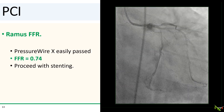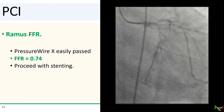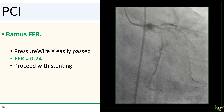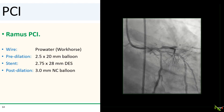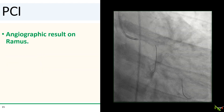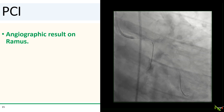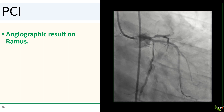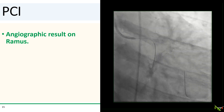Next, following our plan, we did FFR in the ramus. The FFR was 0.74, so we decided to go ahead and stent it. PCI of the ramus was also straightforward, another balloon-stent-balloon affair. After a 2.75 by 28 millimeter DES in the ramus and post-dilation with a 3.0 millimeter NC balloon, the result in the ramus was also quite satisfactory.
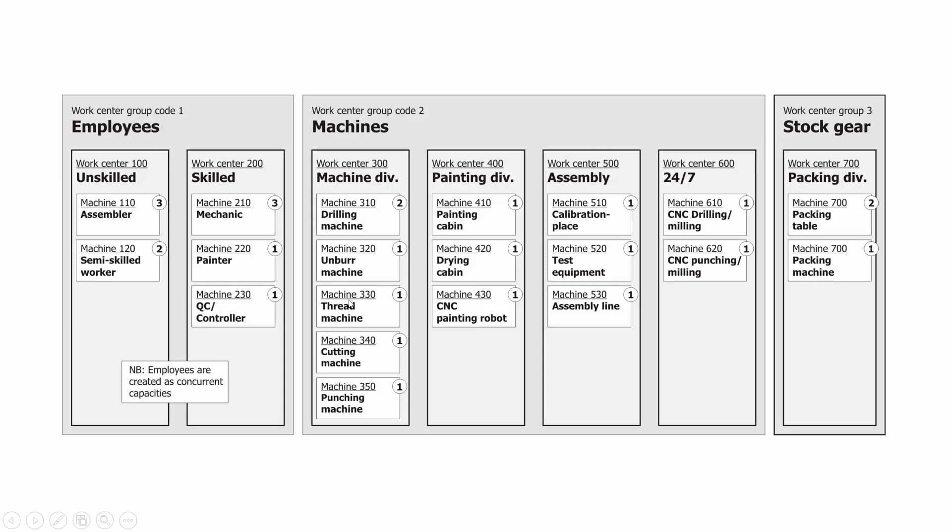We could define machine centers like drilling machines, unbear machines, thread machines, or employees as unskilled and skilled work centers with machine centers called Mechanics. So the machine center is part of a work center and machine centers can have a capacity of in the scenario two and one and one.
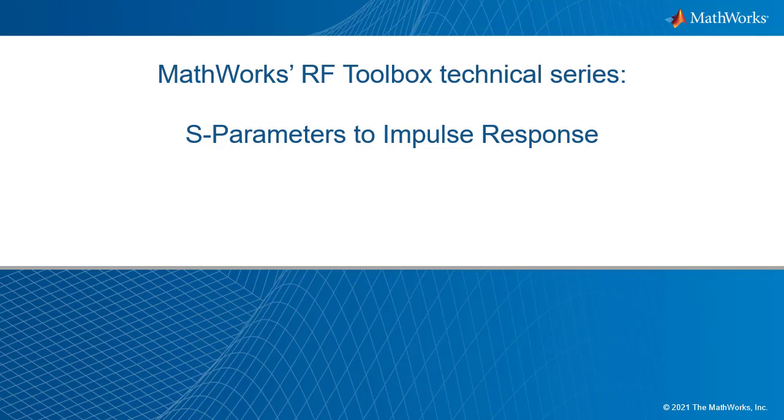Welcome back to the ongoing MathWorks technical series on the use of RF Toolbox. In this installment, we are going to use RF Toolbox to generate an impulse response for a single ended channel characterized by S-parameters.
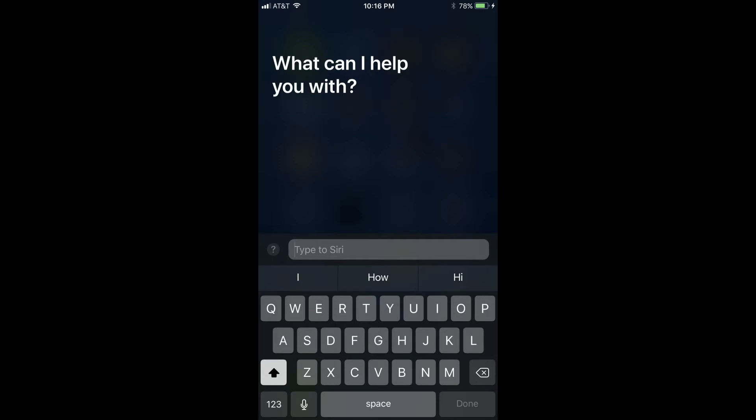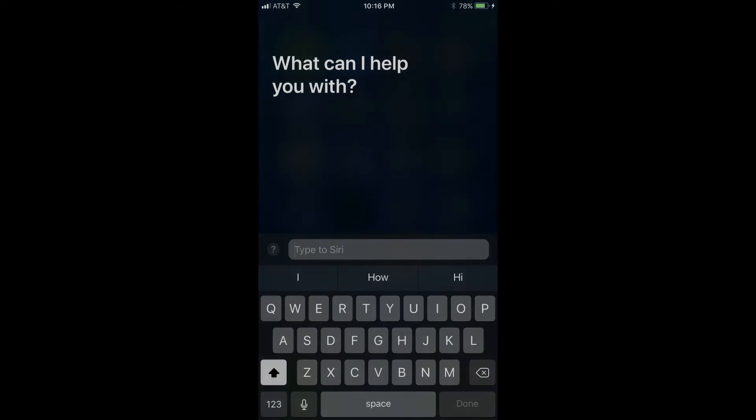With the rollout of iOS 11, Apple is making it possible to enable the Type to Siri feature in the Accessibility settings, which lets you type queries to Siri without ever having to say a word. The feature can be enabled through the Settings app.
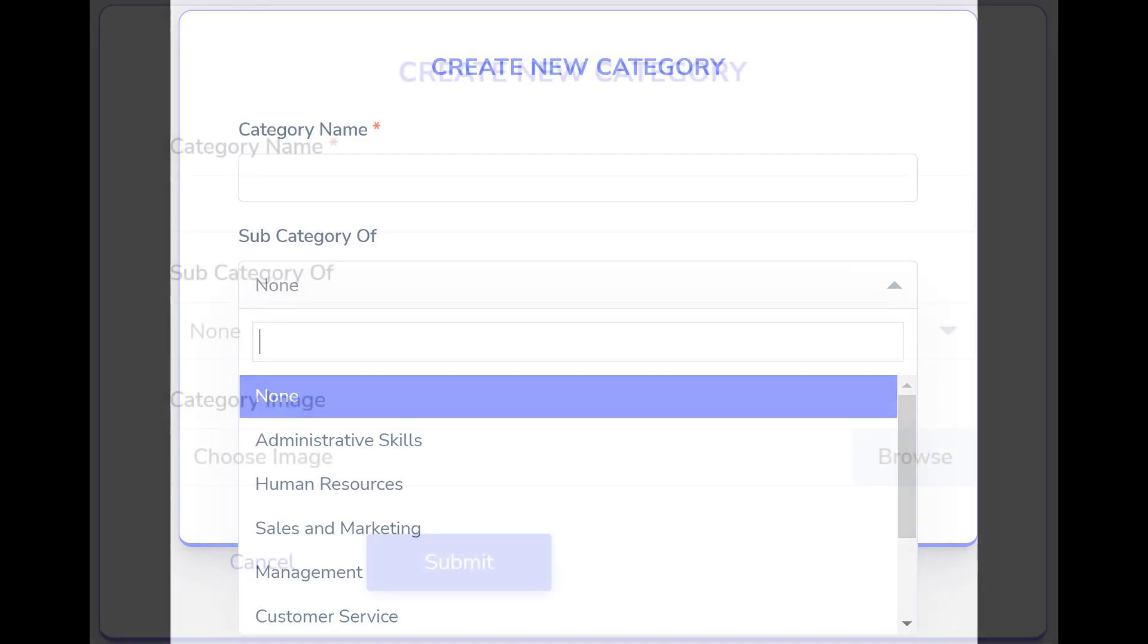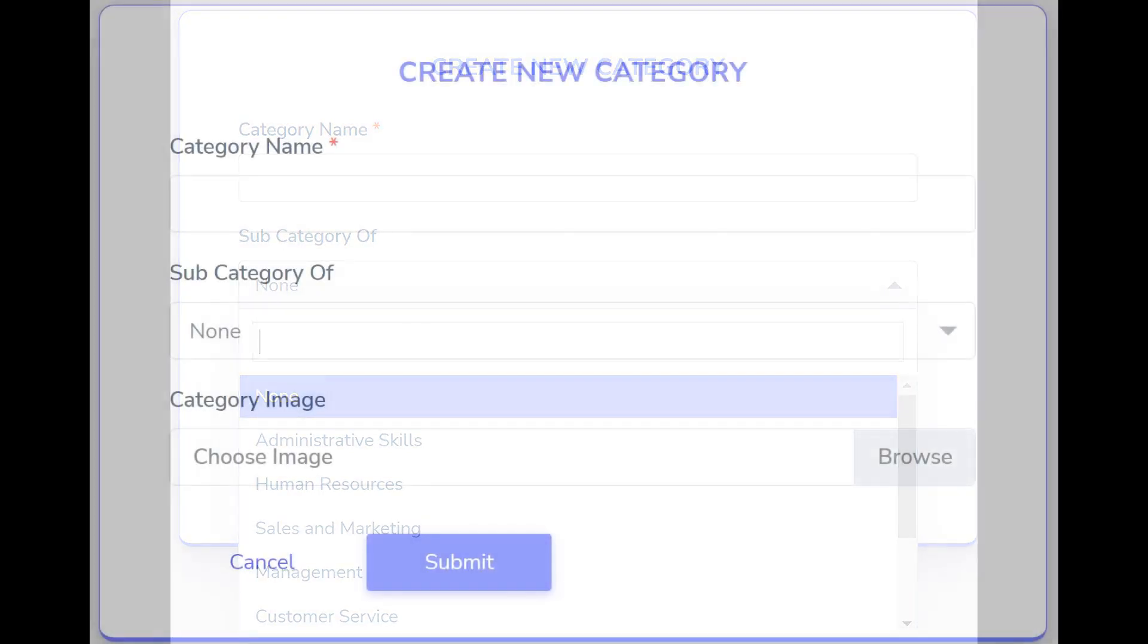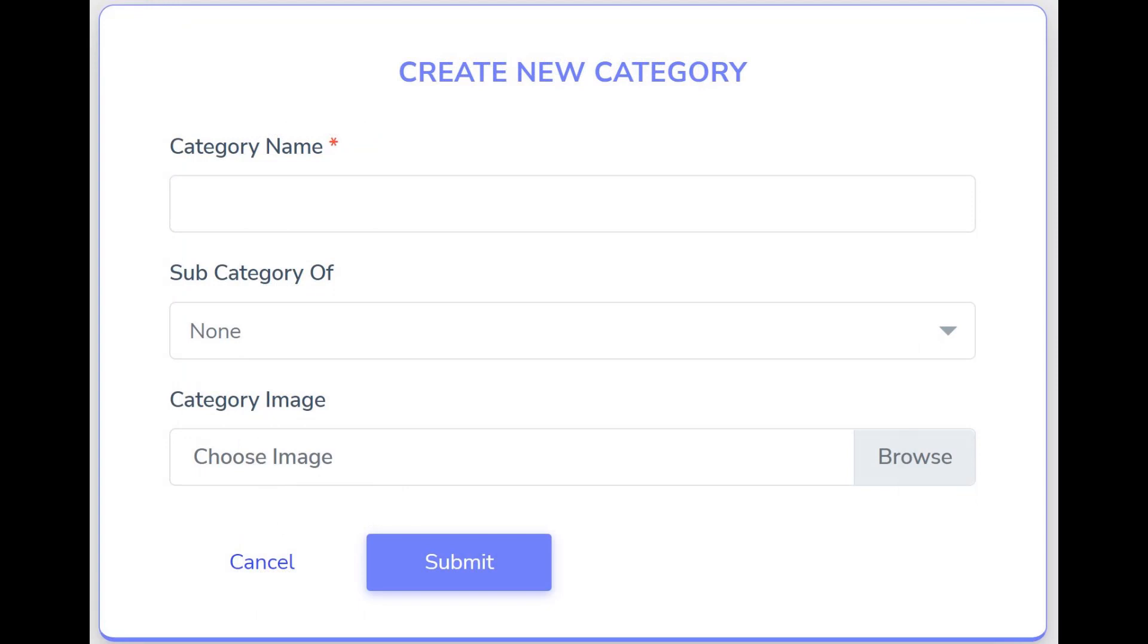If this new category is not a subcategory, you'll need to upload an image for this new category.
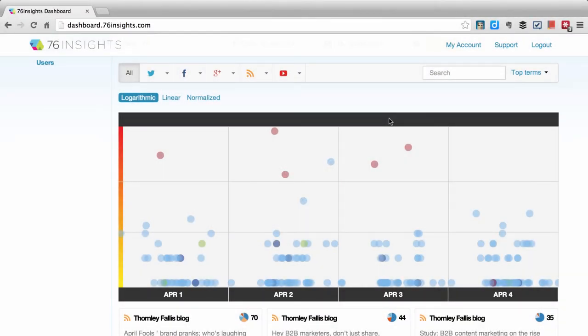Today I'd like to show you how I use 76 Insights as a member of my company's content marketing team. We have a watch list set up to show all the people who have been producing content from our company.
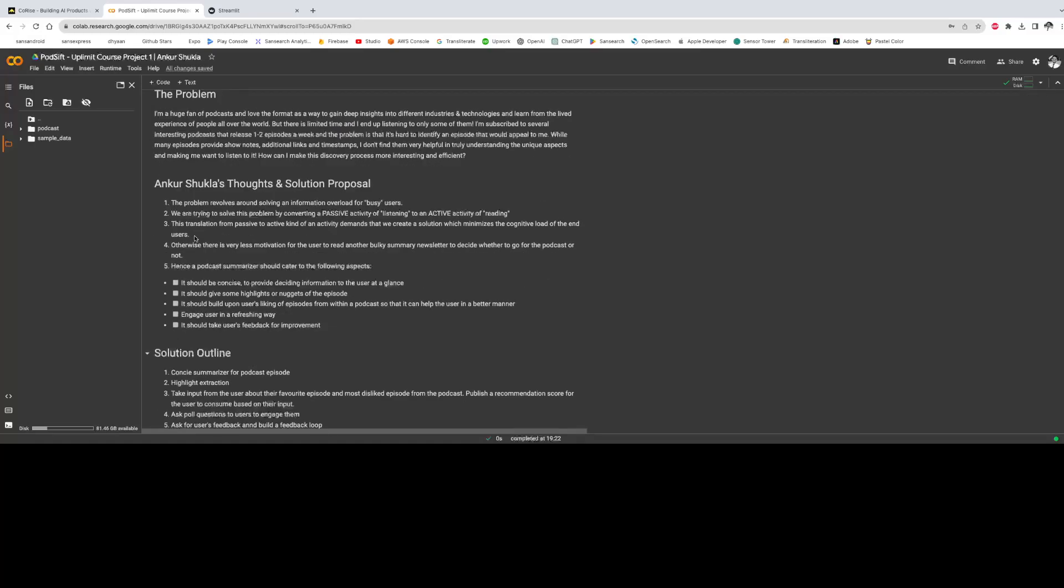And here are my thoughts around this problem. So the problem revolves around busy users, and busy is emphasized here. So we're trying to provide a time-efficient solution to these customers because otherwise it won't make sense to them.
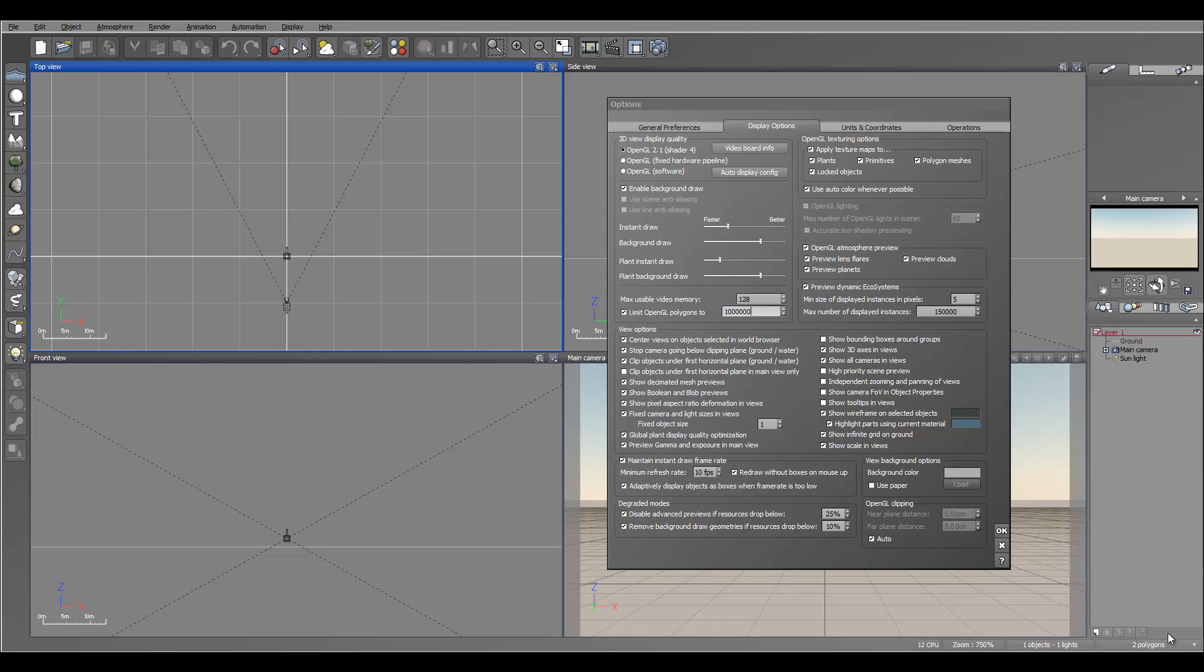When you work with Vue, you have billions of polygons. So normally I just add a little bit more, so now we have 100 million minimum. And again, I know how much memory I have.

* [What you will do] Images are to be left out when the records above are written out again exactly.

* [Answer to the problem]
Next, following our plan, we did FFR in the ramus. The FFR was 0.74, so we decided to go ahead and stent it. PCI of the ramus was also straightforward, another balloon-stent-balloon affair. After a 2.75 by 28 millimeter DES in the ramus and post-dilation with a 3.0 millimeter NC balloon, the result in the ramus was also quite satisfactory.
We could define machine centers like drilling machines, unbear machines, thread machines, or employees as unskilled and skilled work centers with machine centers called Mechanics. So the machine center is part of a work center and machine centers can have a capacity of in the scenario two and one and one.
Welcome back to the ongoing MathWorks technical series on the use of RF Toolbox. In this installment, we are going to use RF Toolbox to generate an impulse response for a single ended channel characterized by S-parameters.
With the rollout of iOS 11, Apple is making it possible to enable the Type to Siri feature in the Accessibility settings, which lets you type queries to Siri without ever having to say a word. The feature can be enabled through the Settings app.
If this new category is not a subcategory, you'll need to upload an image for this new category.
Today I'd like to show you how I use 76 Insights as a member of my company's content marketing team. We have a watch list set up to show all the people who have been producing content from our company.
And here are my thoughts around this problem. So the problem revolves around busy users, and busy is emphasized here. So we're trying to provide a time-efficient solution to these customers because otherwise it won't make sense to them.
When you work with Vue, you have billions of polygons. So normally I just add a little bit more, so now we have 100 million minimum. And again, I know how much memory I have.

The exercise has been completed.